Das ist vor allem für die Message des Films wirklich wichtig, da dieser einen sehr guten Umgang mit dem Thema Behinderung hat. Insbesondere da die Geschichte in den 1980er Jahren in Polen ansetzt, sind die Verhältnisse damals - das Konservative, die Angst vor dem Unnormalen, die Armut - recht gut gezeigt worden und dadurch auch Mateus' Kindheit sehr verständlich. Selbst heutzutage sieht man selten eine Mutter mit einem behinderten Kind in der Öffentlichkeit, und damals ist dies sogar noch verpönter gewesen. Es erblickt kaum je den Spielplatz vor seiner eigenen Haustür, es gibt keine Möglichkeiten der Unterstützung dafür oder für Entlastung der Familie, und genau deswegen ist diese auch nicht sonderlich stabil. Man erkennt sowohl die Seite, die behinderte Menschen trotz ihrer Beeinträchtigung auf herzerwärmende Weise in den Alltag integrieren, aber auch diejenigen, die gar nicht weiter genau hinsehen und Mateus direkt als Gemüse oder ,,Trottel'' - wie seine eigene Schwester sagt - abstempeln. Glücklicherweise schafft es der Film aber, aus Behinderten nie Witzfiguren zu machen, auch wenn sich ab und an Slapstick-Situationen anbieten sollten. Stattdessen werden sie als Menschen gezeigt, nicht nur anhand von Mateus' Geschichte, sondern auch Nebenfiguren, auf die er trifft. Menschen, die Freundschaften schließen, die gerne musizieren, die sich verlieben und Spaß haben. Sicherlich hätte es nicht schaden können, einigen von ihnen Namen zu geben und einige von ihnen mit Mateus Freundschaft schließen zu lassen, doch auch so ist das schon mehr, als so manch anderes Medium bereit ist zu zeigen. Indirekt werden auch auf Missstände in Einrichtungen für solche Menschen gezeigt, weitreichend über Geldmangel bis hin zu fehlendem Einfühlungsvermögen. Jedoch zeigt sich in In meinem Kopf ein Universum, dass das kein Problem des Pflegepersonals, sondern der Menschen generell ist: jemand ist anders, tut sich schwerer damit, sich auszudrücken, und genau deswegen neigt man dazu, diesen Jemand zu unterschätzen. Denn dies ist für die meisten einfacher, als sich anzustrengen, bis man gemeinsam wenigstens ein klein wenig an Selbstständigkeit erarbeitet, sowohl für einen selbst als auch - wie man sich einredet - für den Behinderten selbst. Daher ist die Grundmessage des Films, nämlich dass es sich immer lohnt, weiterzukämpfen, egal wie aussichtslos die Lage ist, einfach nur wundervoll und auch sehr schön rübergebracht.

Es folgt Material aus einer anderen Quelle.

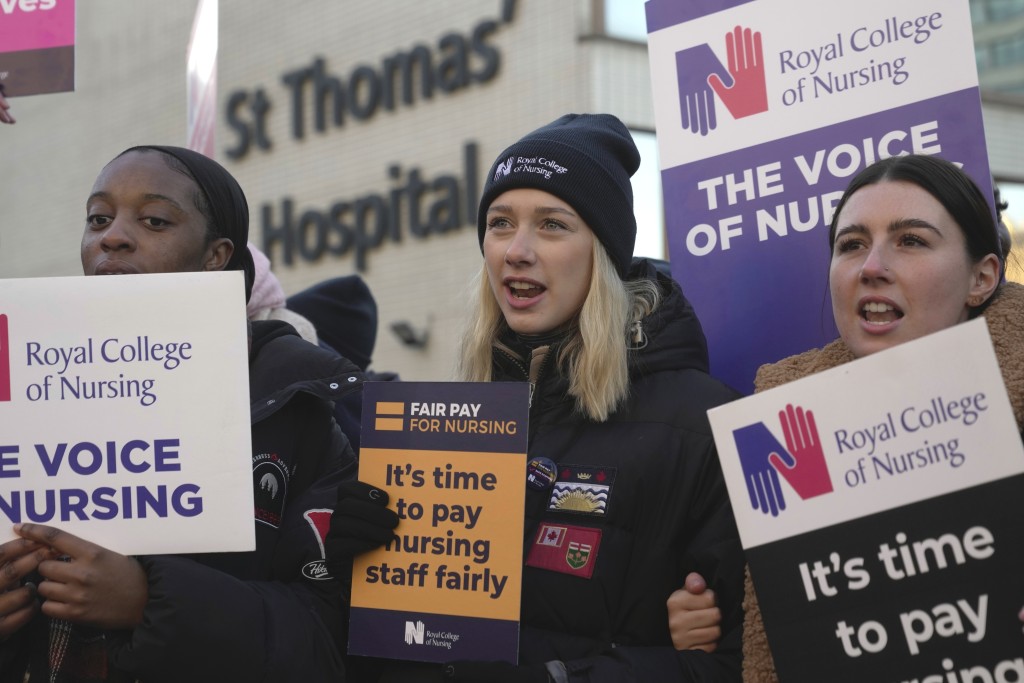 护士参加了伦敦圣托马斯医院外的抗议活动。AP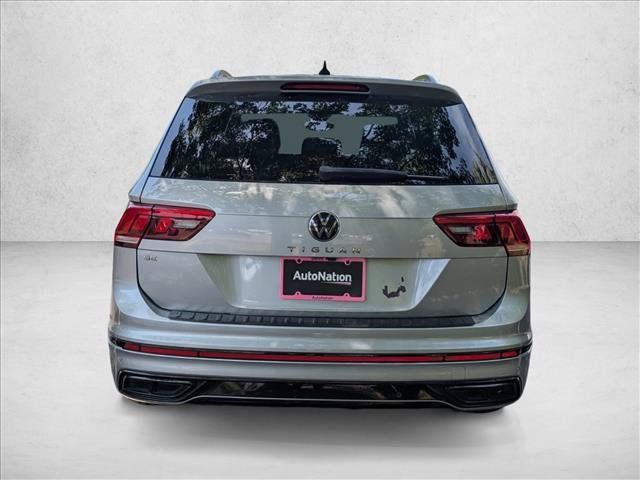 Used 2023 Volkswagen Tiguan SE R-Line FWD image 7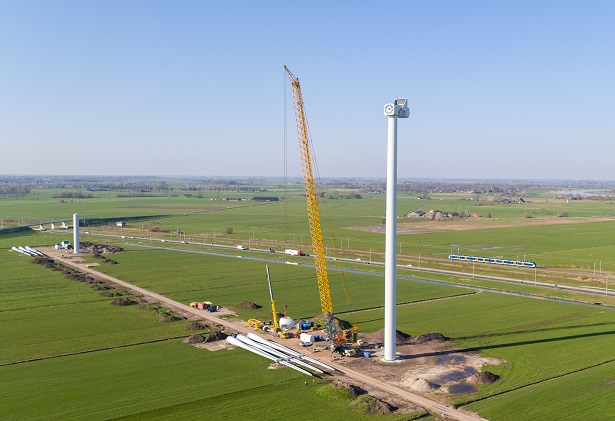 Aanbouw windmolenpark Van Werven Hattemerbroek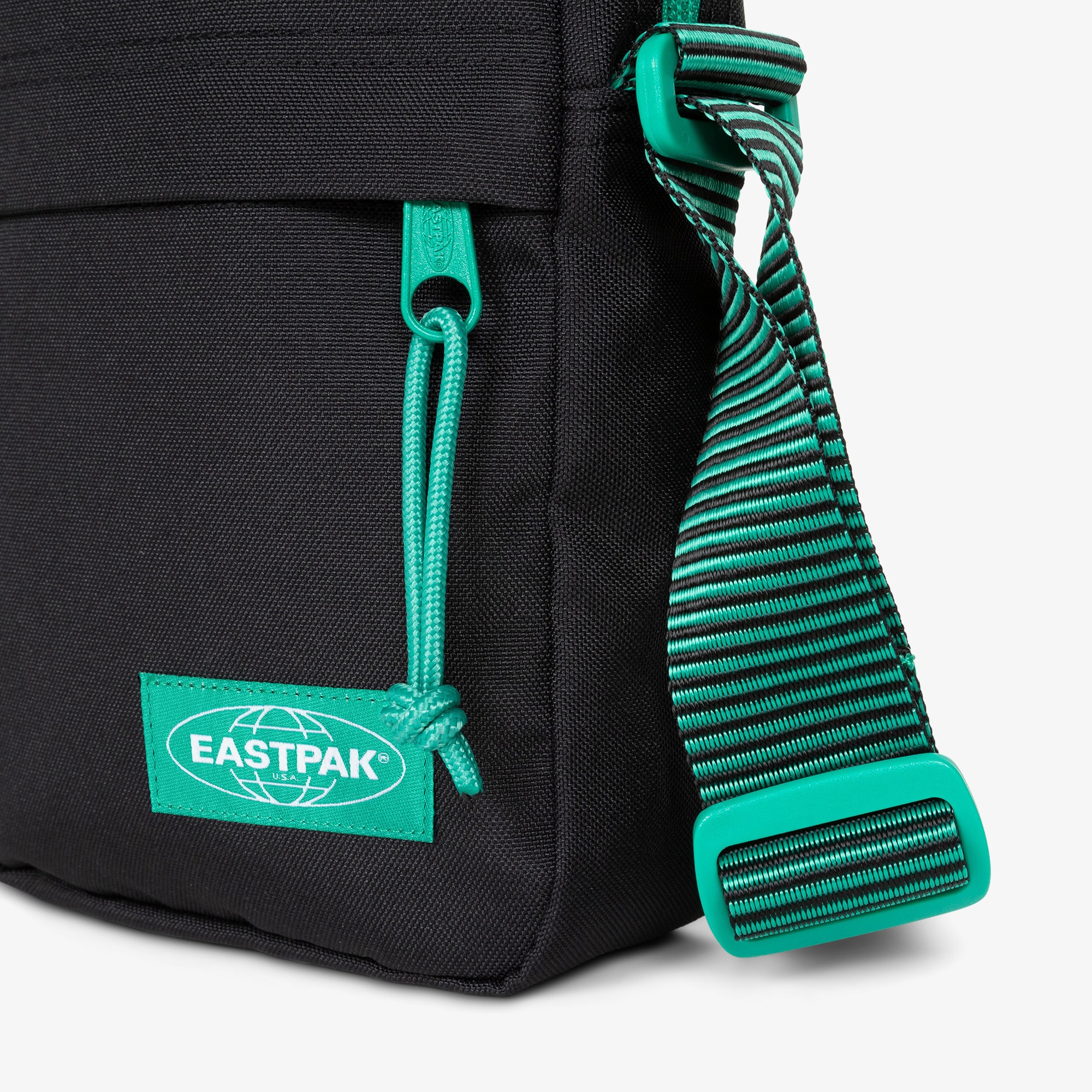 Eastpak The One Unisex Siyah Postacı Çantası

Vielleicht hätte es dem Drama aber nicht geschadet, ein wenig ausführlicher in diesen Momenten zu sein. Denn größtenteils schaut sich der Film sehr episodenhaft, es werden meistens nur essentielle Szenen mit schönen Details gezeigt, die aber den Verlauf der Geschichte ab und an etwas sprunghaft erscheinen lassen. Vor allem bei Mateus' erster Kontaktperson außerhalb des eigenen Haushalts hätte man sehr viel machen können, statt ihr nur so kurz Screentime zu geben. So fällt es manchmal auch schwer - von der eingeblendeten Jahreszahl abgesehen - die verstrichene Zeit einzuschätzen, sodass die Story noch ruhiger wirkt als sowieso schon. So plätschert das Geschehen lange Zeit vor sich hin, sodass man lange nicht weiß, wohin Mateus' Biografie führen soll. Natürlich wartet er auf seinen großen Moment, in dem er allen zeigen kann, was in ihm steckt, doch der Film lässt sich sehr viel Zeit damit, diesen einzuführen. Und sobald er eingeführt ist, wird alles gefühlt dreimal schneller abgehandelt als zuvor. Das hätte man mit mehr Feingefühl und weniger umstürzlerisch erzählen können, damit man als Zuschauer auch die Chance hat, etwas über all die Folgen und Veränderungen lernen zu können. Deswegen ist das Ende zwar sehr schön und unterstreicht die Aussage des Films wunderbar mit dieser an wahre Begebenheiten angelehnte Geschichte, doch etwas mehr von der sonstigen Geduld hätte definitiv nicht geschadet.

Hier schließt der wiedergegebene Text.